The workflow, in plain English
Before: You browse LinkedIn jobs. You read each listing and mentally map it against your skills. “Do I have 3+ years Python? Yes. Kubernetes? Sort of.” This takes hours.
After: Every job listing on the page has a colored badge: green (90%+ match), yellow (70-89%), red (below 70%). You click a yellow one. Below the description: “You match 8/10 requirements. Gap: Terraform certification. Emphasize your AWS experience.” The listing became a career advisor.
Why traditional tools can’t: No job board offers resume matching on the listing page itself. AI resume tools require you to leave the site and upload to a separate platform.
Step-by-step
- Open a job listing (e.g., LinkedIn, company ATS, aggregator).
- Provide your resume (or point to an open tab/document) and ask for a match score.
- Review gaps and decide whether to apply, save, or skip.
- If applying, generate tailored bullets and talking points.
Example prompts to try
- “Compare this job to my resume and give me a score + gap list.”

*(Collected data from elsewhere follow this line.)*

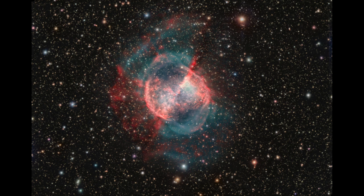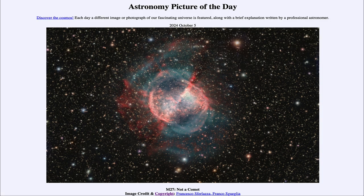So we're getting a preview of what our sun could look like in another five or six billion years, when it has reached the end of its life. That was our picture of the day for October 5th of 2024, titled M27, Not a Comet. We'll be back again tomorrow for the next picture, previewed to be A Comet's Tale.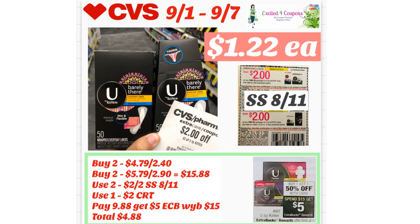This next deal could be even less if you have a CRT — for example, one that says $2 off any tampons or liners. I did get a CRT that says $2 off Kotex, so pairing them could make it sweeter. If you only have one $2 CRT, buy two of the $4.79 liners and one $5.79 tampons, with the other one half off. The total for four boxes will be $15.88. Use two coupons from Smart Source 8/11 — $2 off each for tampons and liners — deducting $4, then the CRT deducts another $2. You'll pay $9.88 at the register, get back $5 ECB for spending $15, making your total $1.22 each. Not bad, and with another CRT it would be even better.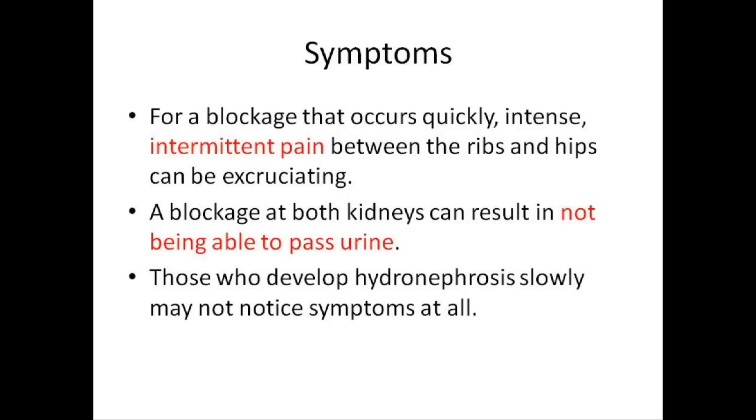The important symptoms for a blockage that occurs quickly: intense, intermittent pain between the ribs and hips can be excruciating. A blockage at both kidneys can result in not being able to pass urine. Those who develop hydronephrosis slowly may not notice symptoms at all.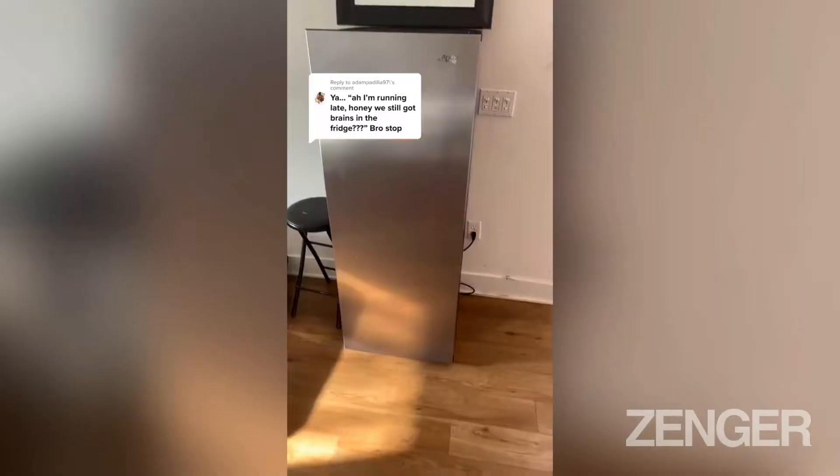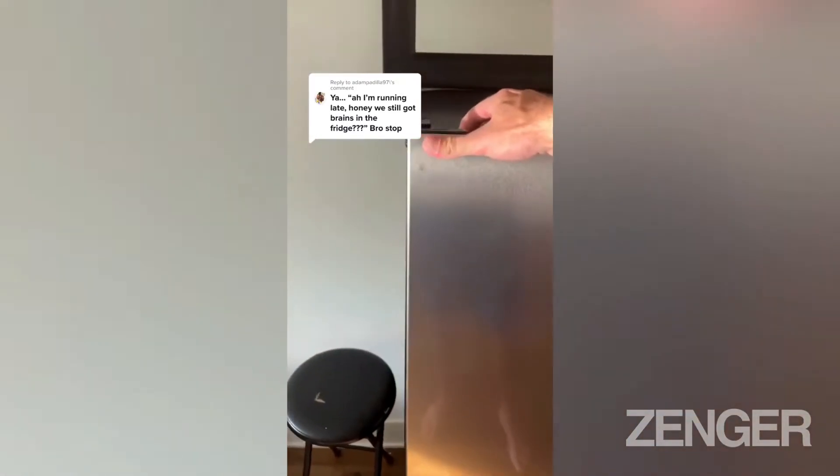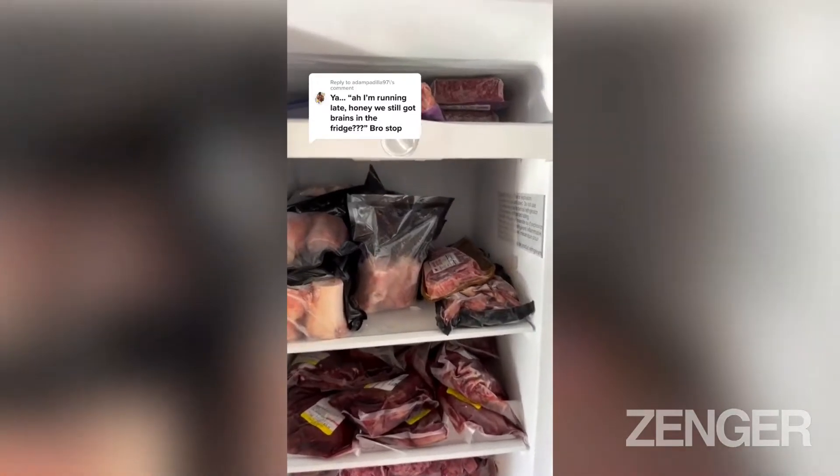Well, since you're very interested in what my fridge looks like, let me show you this. I have an actual separate freezer unit just for my meat — and there you go.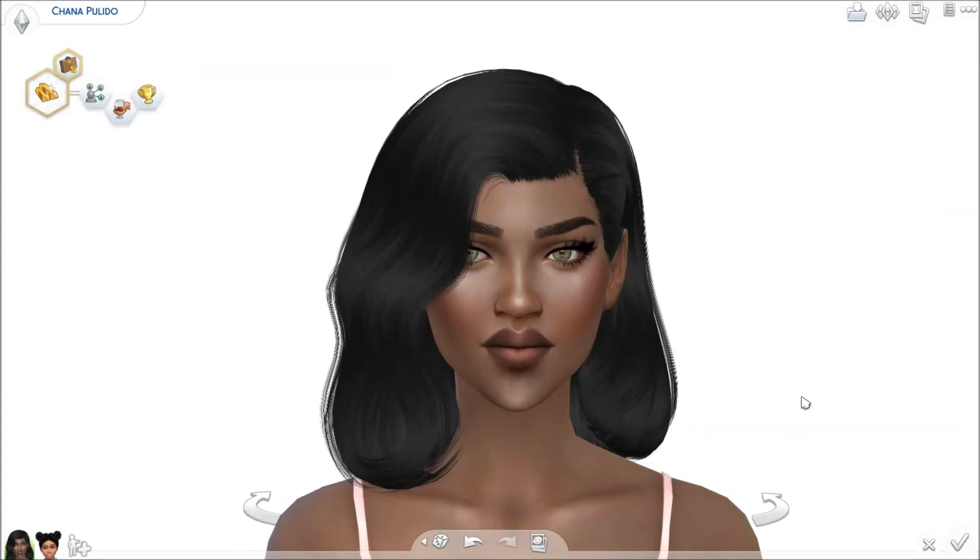Hi guys, this is Simmerdown and welcome to my channel. Today we will be doing a CC showcase — items that I've been loving — so let's get into it.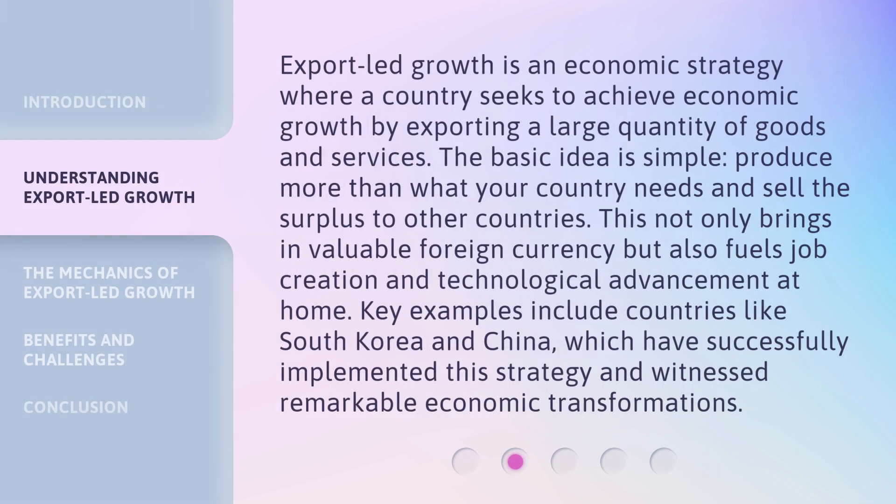Export-Led Growth is an economic strategy where a country seeks to achieve economic growth by exporting a large quantity of goods and services. The basic idea is simple: produce more than what your country needs and sell the surplus to other countries. This not only brings invaluable foreign currency but also fuels job creation and technological advancement at home. Key examples include countries like South Korea and China, which have successfully implemented this strategy and witnessed remarkable economic transformations.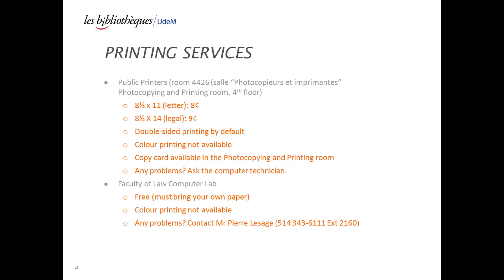Public printers are located on the fourth floor of the Law Library. Double-sided by default, if you wish to print on one side only, you must change the print options. Color printing is not available at the Law Library.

- “Rewrite my summary bullet to match the top 3 requirements.”
- “Tell me what to highlight in an interview for this role.”
Tips for better results
- Be specific about what you want injected into the page (buttons, filters, a panel, a summary, etc.).
- If the page has multiple sections, tell dassi exactly what to focus on (e.g., “the transactions table” or “the diff for file X”).
- Prefer safe workflows first: draft, summarize, label, and prepare — then take actions (submit, purchase) only after review.